ああ、泣いていいんだ、そうだよな、俺はこれだけ苦しいよな。

同じ日本人のトランスジェンダー男性が泣き叫んでいるのを見てそう思えた。

僕は、苦しんでいた約25年間、一度も泣くことはなかった。できなかった。

カミングアウトしてからも、どれだけ苦しくても、社会人である以上平静を保って生きなければならない。そして、周囲の人は僕がどれだけ苦しいかなど理解してくれるはずもない。泣き叫んだって、きっと「そんなに苦しいもんか?」と思われるだけだろう。

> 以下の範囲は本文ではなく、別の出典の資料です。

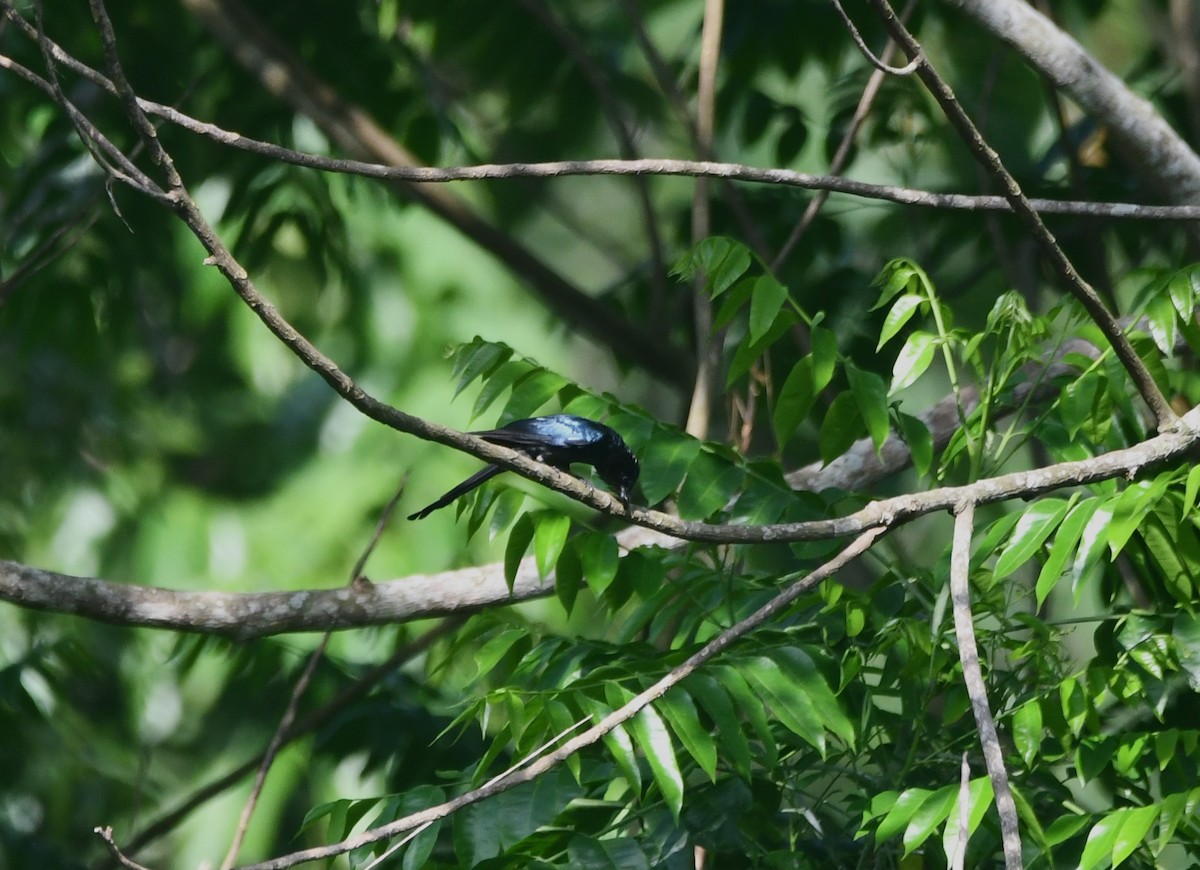 Bronzed Drongo - ML620261737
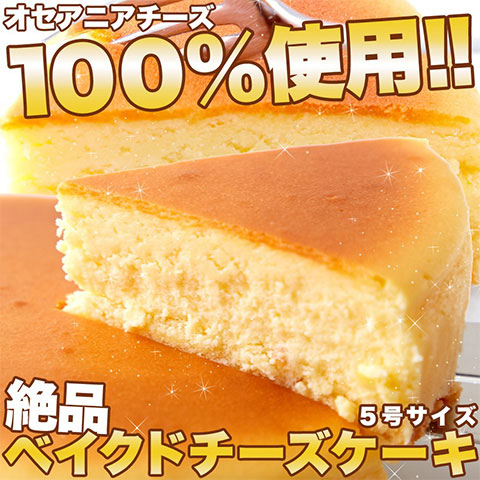 【送料無料】絶品ベイクドチーズケーキ５号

しんどい、しんどい、しんどい。泣きたい。泣きたい。泣きたい。

時々どうしようもなくそんな感情に襲われる。

男体を持たないことの苦しさに追い詰められた時、病院で身体のことを指して「女性」「女性」と言われた時に、言い返せないくやしさ、悲しさ。そして、こんなに生きるのが大変でも国からは身体に対しても心のケアに対しても(ほぼ)一切補助はない。それがどれだけ大変か周りからは見えない。

そんなことが積りに積もった時、本当に泣き叫びたくなる。

だけど、今の現実は僕にそれを許してくれない。日本の社会は、まだトランスジェンダーの苦しさが軽視されていると感じる。こんなことを言ったら甘ったれと思われるかもしれないが、何十年も生きてきてそう感じる。自殺率が非当事者の10倍ともいわれるのに、ここまでケアがなくほぼすべて自力(もちろん会社や社会が助けてくれている部分があるのは百も承知である。しかし、動き出すのはすべて自分でやるしかない。たとえそれが4歳の子供であっても)でなんとかするしかない状況はどう考えても酷である。

だから、おちおち泣いてもいられない。僕らは、そんな苦痛があっても非当事者と同じように生きていくことを求められる。もちろん、トランスジェンダーよりもっと別の意味で苦しさや困難さを抱えて生きていらっしゃる方々や非当事者でも大変な思いをして生きている人がいるのは知っているが、ここではトランスジェンダーの苦悩のみに焦点を当てたいと思う。

でも、この映画の中でアンさんが泣き叫んでいるのを見て、僕はこれぐらいキツい状況に置かれているんだ、泣いてもいいんだ、そう思わせてもらえた。それだけで、僕にはこの映画を見る価値があった。数十年生きてきた甲斐があった。生きているうちにこんな当事者に寄り添ってくれる日本映画を見られると思っていなかった。

志尊淳さん、そしてこの映画に携わってくれたすべての人々に、感謝申し上げたい。そして、あの時僕に原作を勧めてくれた知人にも感謝したい。そして、いつも非当事者をひがんでいる僕を支えてくれている周囲の非当事者の方々にもお礼を言いたい。

いつか、今感じている息苦しさが和らぐ日まで、あともう少し希望をもって頑張りたい。